» Task item
Copy the records below line by line and word for word, from the very first line through the line with "EMMEL REFINES「＜EMMEL REFINES＞EM", omitting each picture.

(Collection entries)
⁂

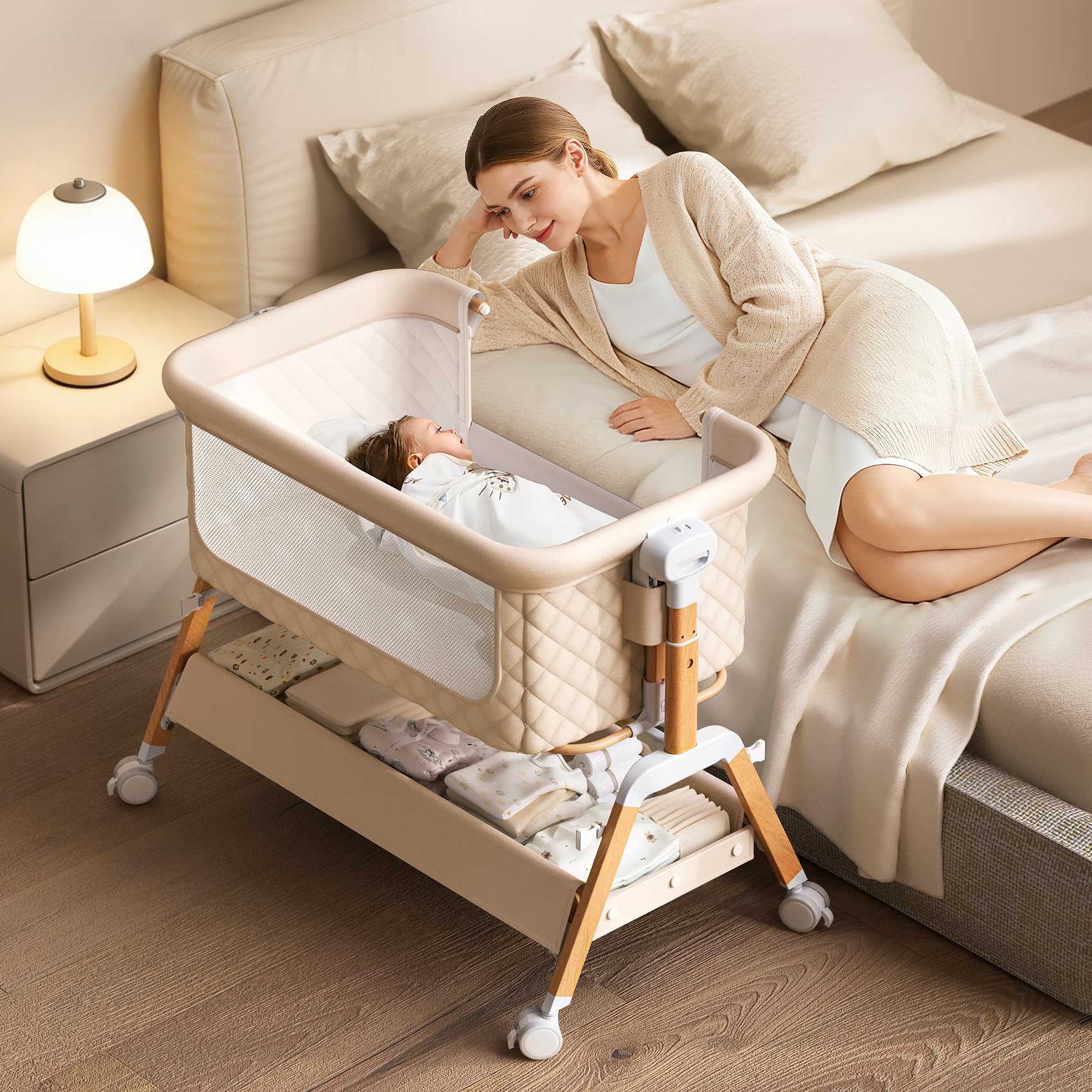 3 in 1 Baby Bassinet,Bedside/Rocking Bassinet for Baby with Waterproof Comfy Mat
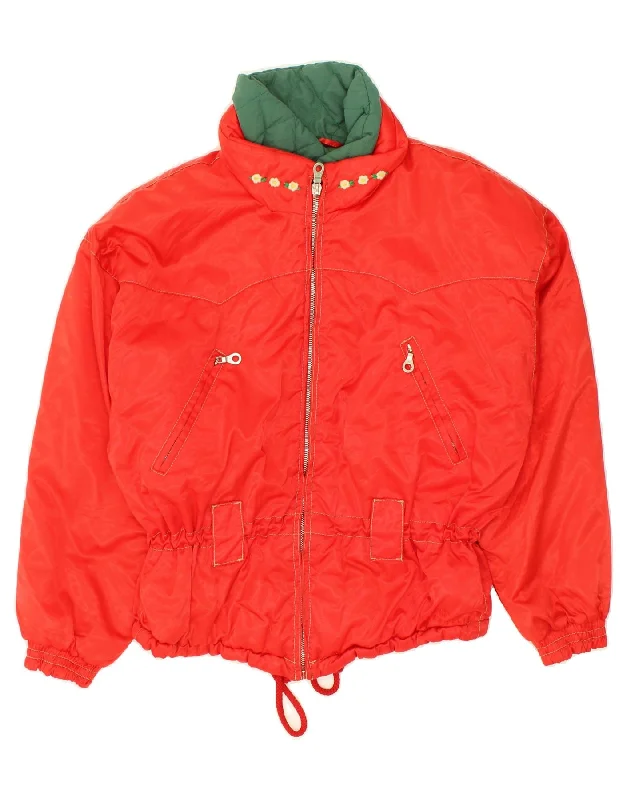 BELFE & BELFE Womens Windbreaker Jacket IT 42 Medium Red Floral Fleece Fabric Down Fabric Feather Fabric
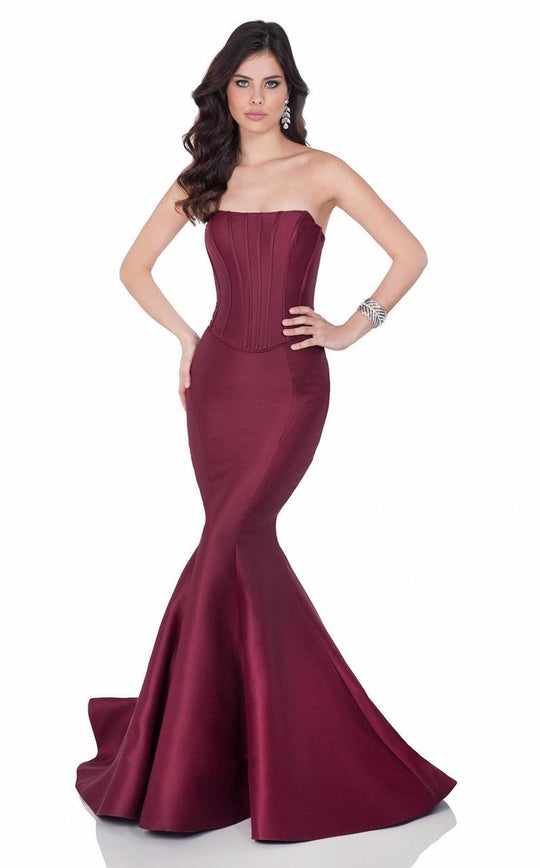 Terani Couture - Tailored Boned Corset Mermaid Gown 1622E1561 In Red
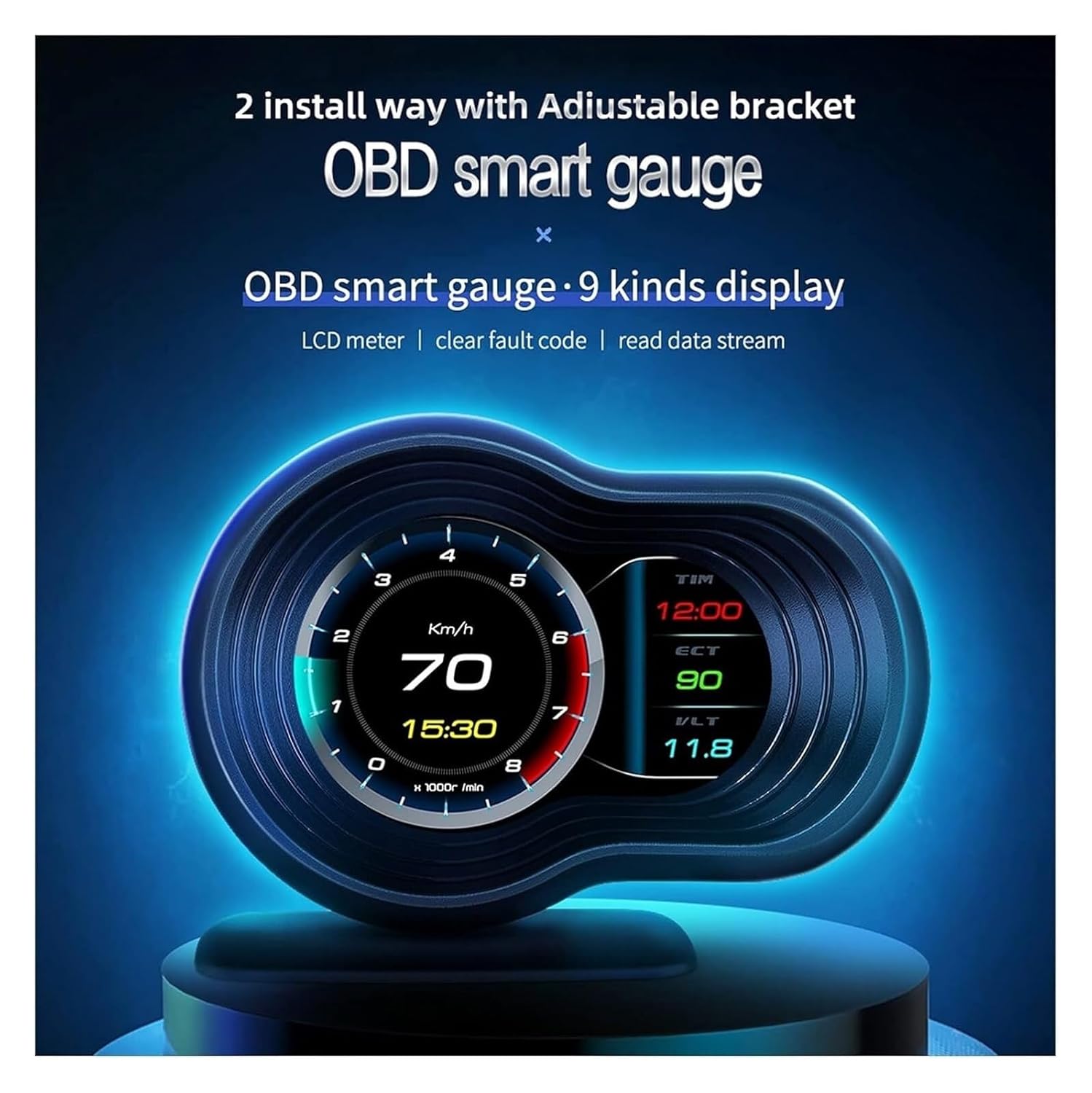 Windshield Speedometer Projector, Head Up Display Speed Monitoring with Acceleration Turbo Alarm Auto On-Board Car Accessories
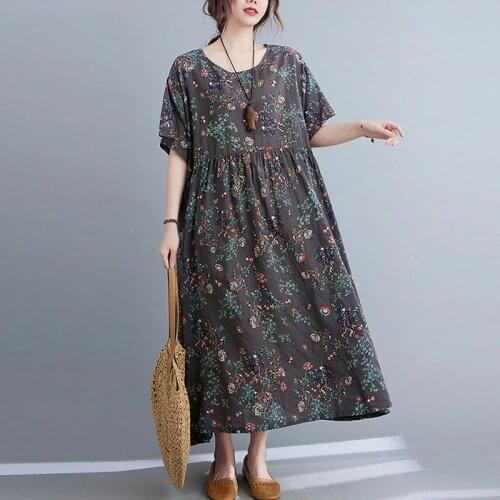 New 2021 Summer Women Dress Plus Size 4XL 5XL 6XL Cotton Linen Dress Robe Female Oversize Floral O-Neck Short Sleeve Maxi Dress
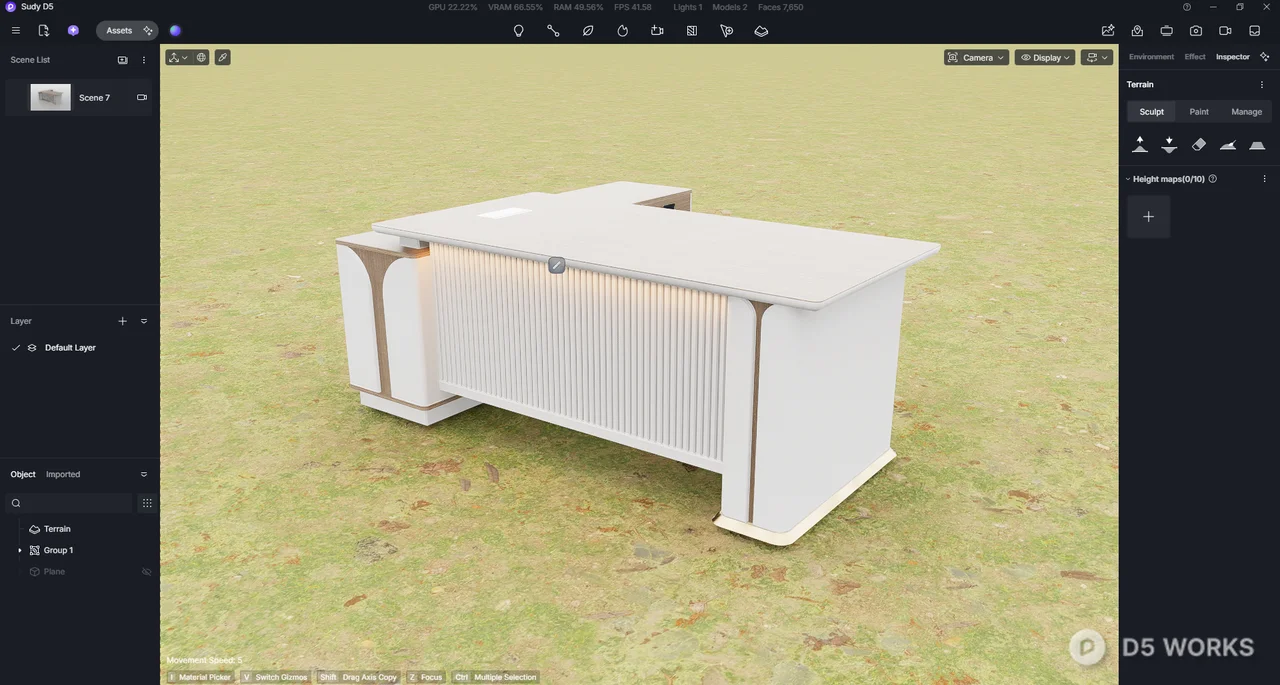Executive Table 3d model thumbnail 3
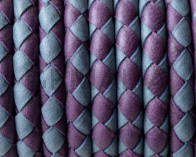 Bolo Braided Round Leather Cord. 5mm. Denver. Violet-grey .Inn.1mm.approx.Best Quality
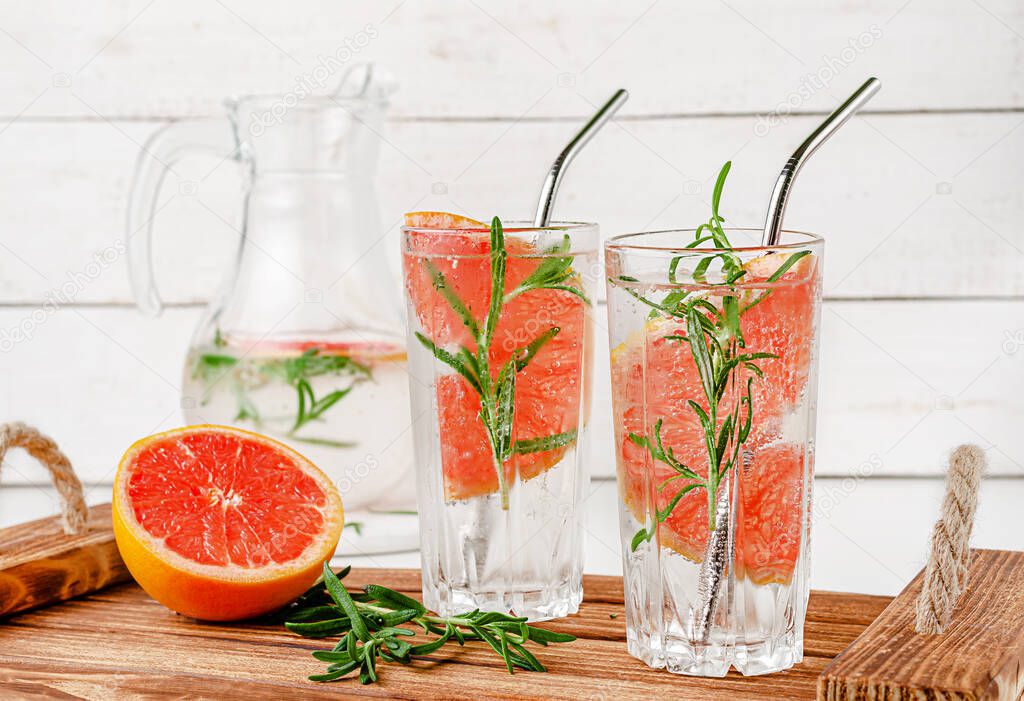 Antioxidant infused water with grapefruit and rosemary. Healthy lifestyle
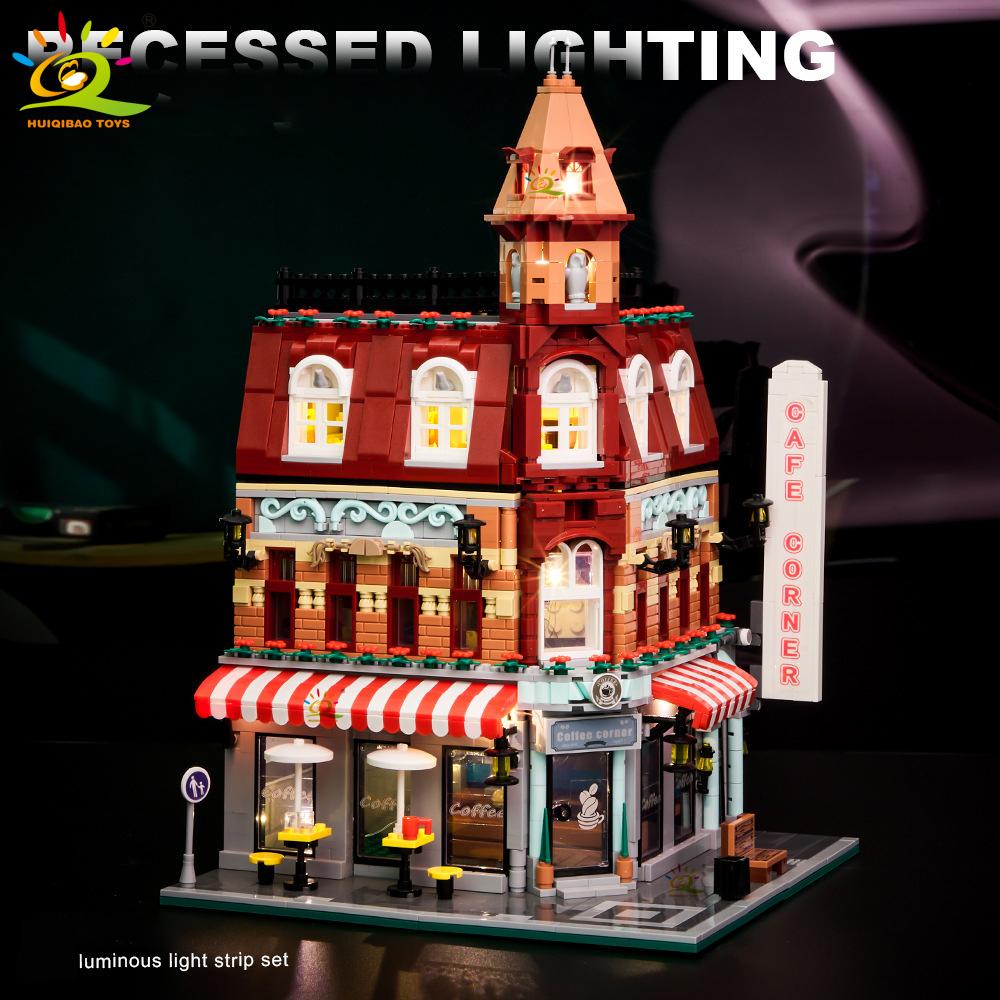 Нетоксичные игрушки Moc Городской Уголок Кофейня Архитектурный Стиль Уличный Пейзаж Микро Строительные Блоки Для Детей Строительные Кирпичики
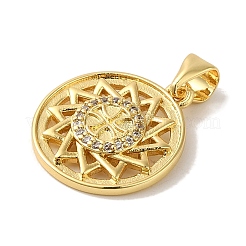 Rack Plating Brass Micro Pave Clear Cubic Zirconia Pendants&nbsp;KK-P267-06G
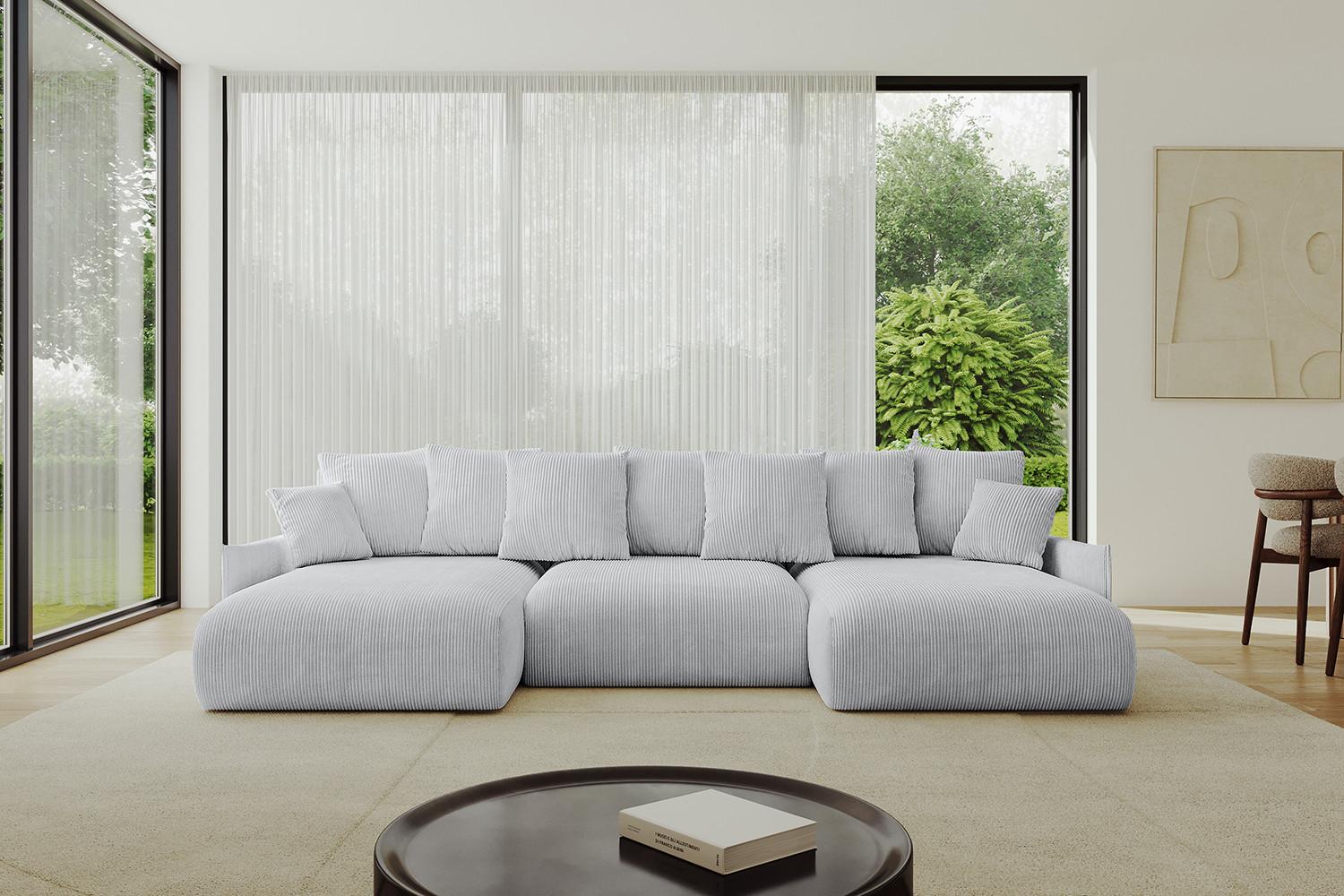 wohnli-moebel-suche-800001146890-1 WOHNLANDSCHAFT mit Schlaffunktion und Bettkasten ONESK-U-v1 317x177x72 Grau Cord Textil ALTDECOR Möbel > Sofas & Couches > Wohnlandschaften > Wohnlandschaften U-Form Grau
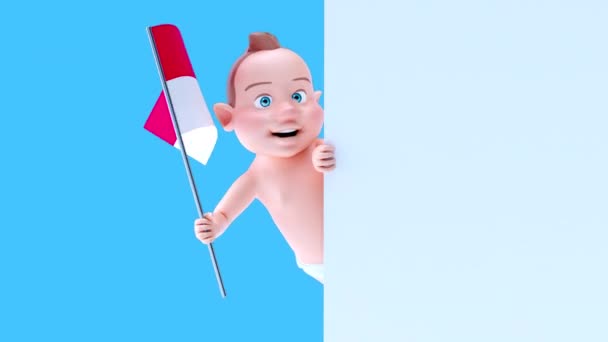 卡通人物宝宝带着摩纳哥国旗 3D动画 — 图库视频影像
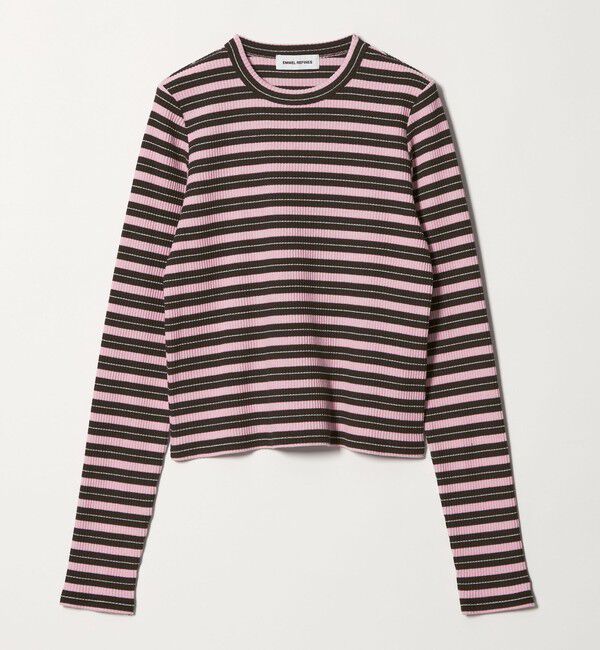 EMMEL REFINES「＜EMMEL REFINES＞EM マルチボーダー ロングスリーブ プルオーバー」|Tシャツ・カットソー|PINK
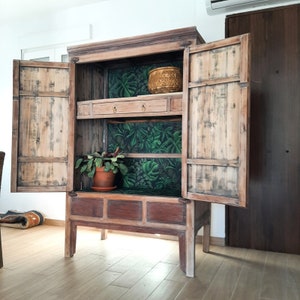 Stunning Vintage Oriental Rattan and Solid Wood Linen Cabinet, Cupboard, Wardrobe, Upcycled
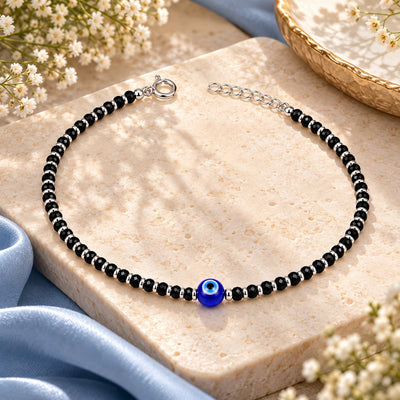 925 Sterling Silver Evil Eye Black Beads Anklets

⁂

» Task solution
 3 in 1 Baby Bassinet,Bedside/Rocking Bassinet for Baby with Waterproof Comfy Mat
 BELFE & BELFE Womens Windbreaker Jacket IT 42 Medium Red Floral Fleece Fabric Down Fabric Feather Fabric
 Terani Couture - Tailored Boned Corset Mermaid Gown 1622E1561 In Red
 Windshield Speedometer Projector, Head Up Display Speed Monitoring with Acceleration Turbo Alarm Auto On-Board Car Accessories
 New 2021 Summer Women Dress Plus Size 4XL 5XL 6XL Cotton Linen Dress Robe Female Oversize Floral O-Neck Short Sleeve Maxi Dress
Executive Table 3d model thumbnail 3
 Bolo Braided Round Leather Cord. 5mm. Denver. Violet-grey .Inn.1mm.approx.Best Quality
 Antioxidant infused water with grapefruit and rosemary. Healthy lifestyle
 Нетоксичные игрушки Moc Городской Уголок Кофейня Архитектурный Стиль Уличный Пейзаж Микро Строительные Блоки Для Детей Строительные Кирпичики
 Rack Plating Brass Micro Pave Clear Cubic Zirconia Pendants&nbsp;KK-P267-06G
 wohnli-moebel-suche-800001146890-1 WOHNLANDSCHAFT mit Schlaffunktion und Bettkasten ONESK-U-v1 317x177x72 Grau Cord Textil ALTDECOR Möbel > Sofas & Couches > Wohnlandschaften > Wohnlandschaften U-Form Grau
 卡通人物宝宝带着摩纳哥国旗 3D动画 — 图库视频影像
 EMMEL REFINES「＜EMMEL REFINES＞EM マルチボーダー ロングスリーブ プルオーバー」|Tシャツ・カットソー|PINK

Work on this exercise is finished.